#### Source records

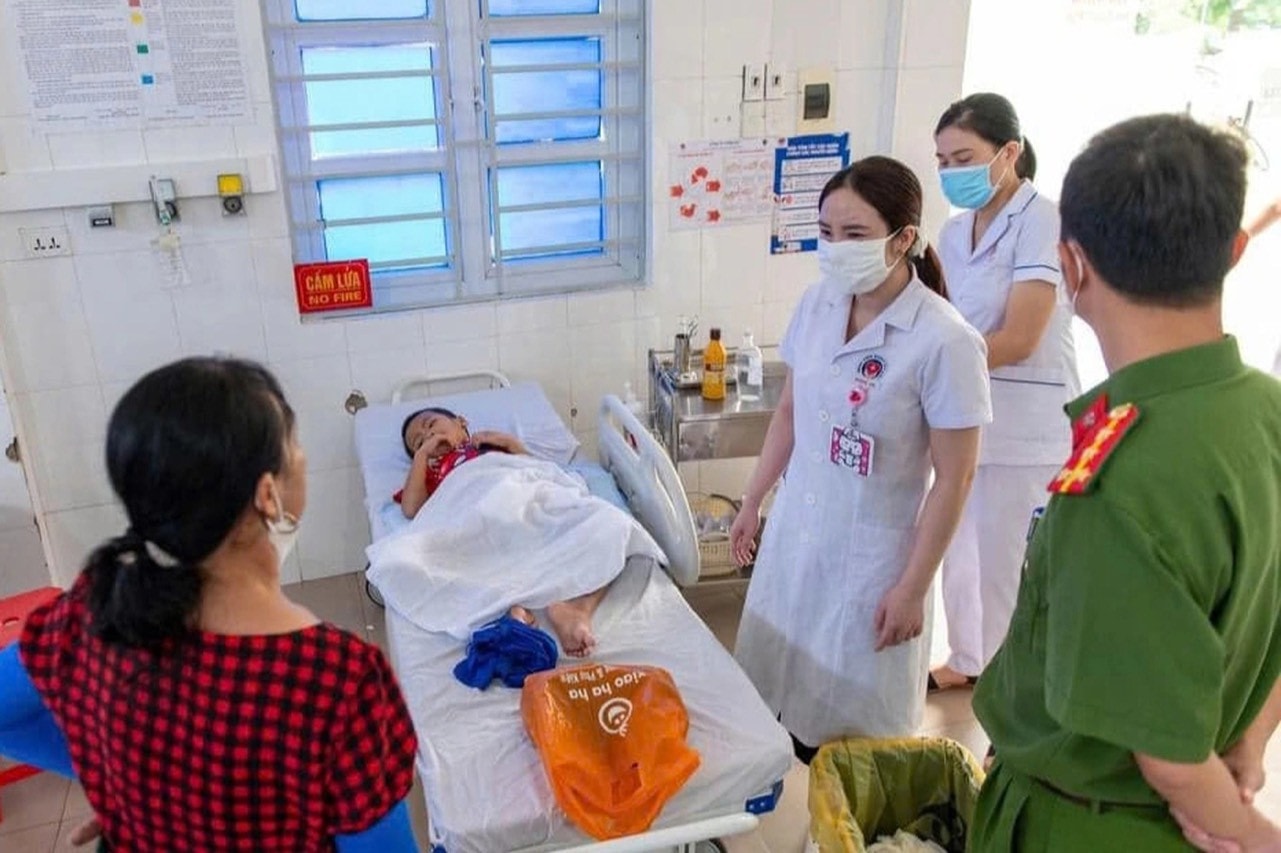 Nghệ An: Phát hiện bé trai tội nghiệp với nhiều vết thương trong căn lều tạm -0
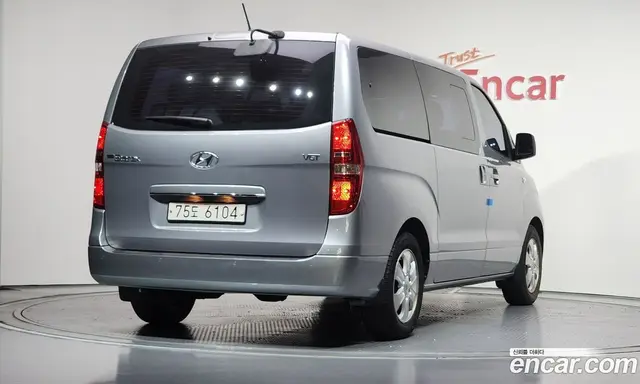 Hyundai Starex 2018 2.5 автомат (гидро), миниатюра 2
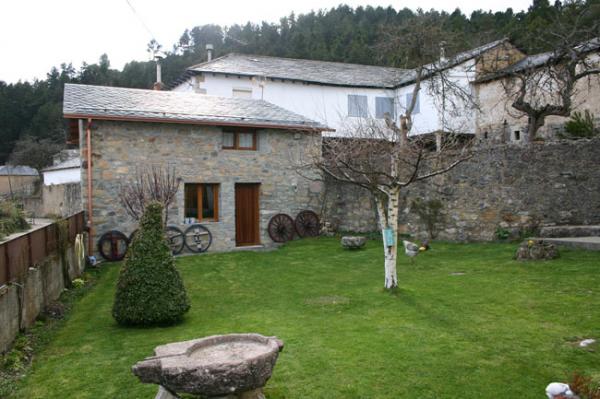 Los Pinos De Babia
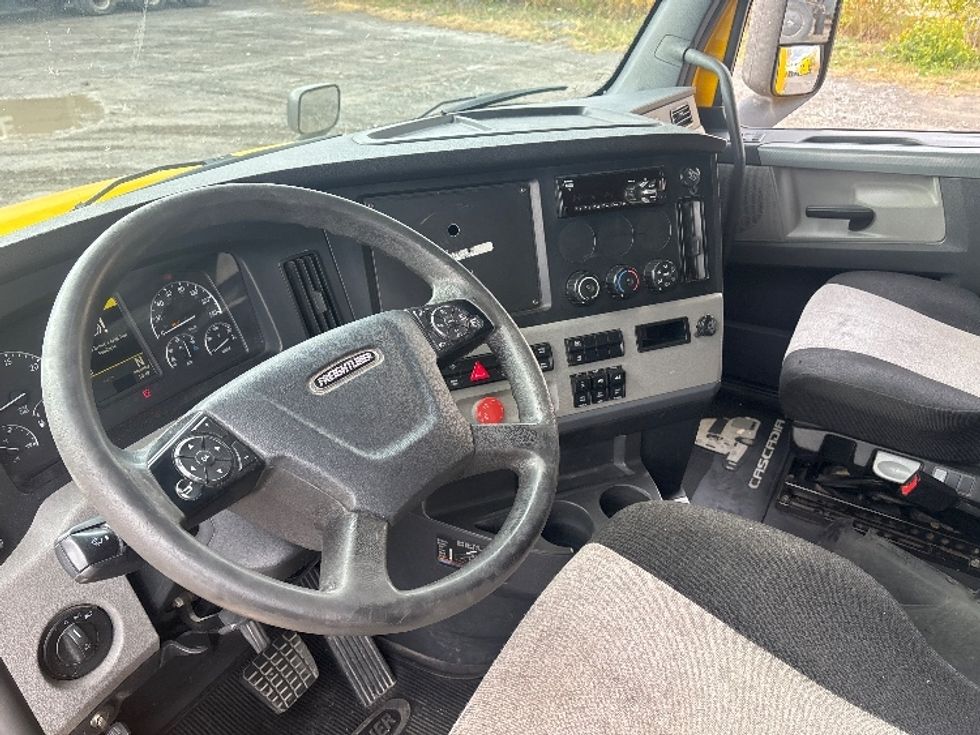 Sleeper Tractor-Heavy Duty Tractors-Freightliner-2019-T12664ST-Ottawa-ON-950,727\n\t\tkm-$ 71,000 - Image 10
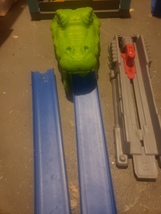 ZURU Metal Machines Croc Attack Playset - $190.06 MXN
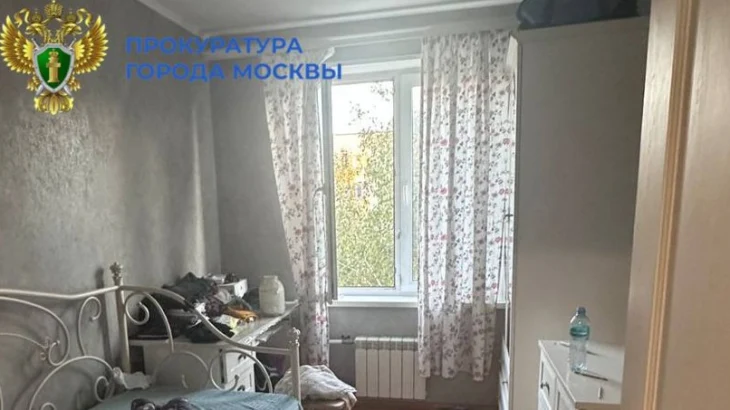 Пятилетний мальчик упал с девятого этажа на юге Москвы и разбился насмерть Пятилетний мальчик упал с девятого этажа на юге Москвы и разбился насмерть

########

Given the listing above, return exactly, and only, the lines from the line with "Los Pinos De Babia" through its final line, both included, with the pictures removed.

 Los Pinos De Babia
 Sleeper Tractor-Heavy Duty Tractors-Freightliner-2019-T12664ST-Ottawa-ON-950,727\n\t\tkm-$ 71,000 - Image 10
 ZURU Metal Machines Croc Attack Playset - $190.06 MXN
 Пятилетний мальчик упал с девятого этажа на юге Москвы и разбился насмерть Пятилетний мальчик упал с девятого этажа на юге Москвы и разбился насмерть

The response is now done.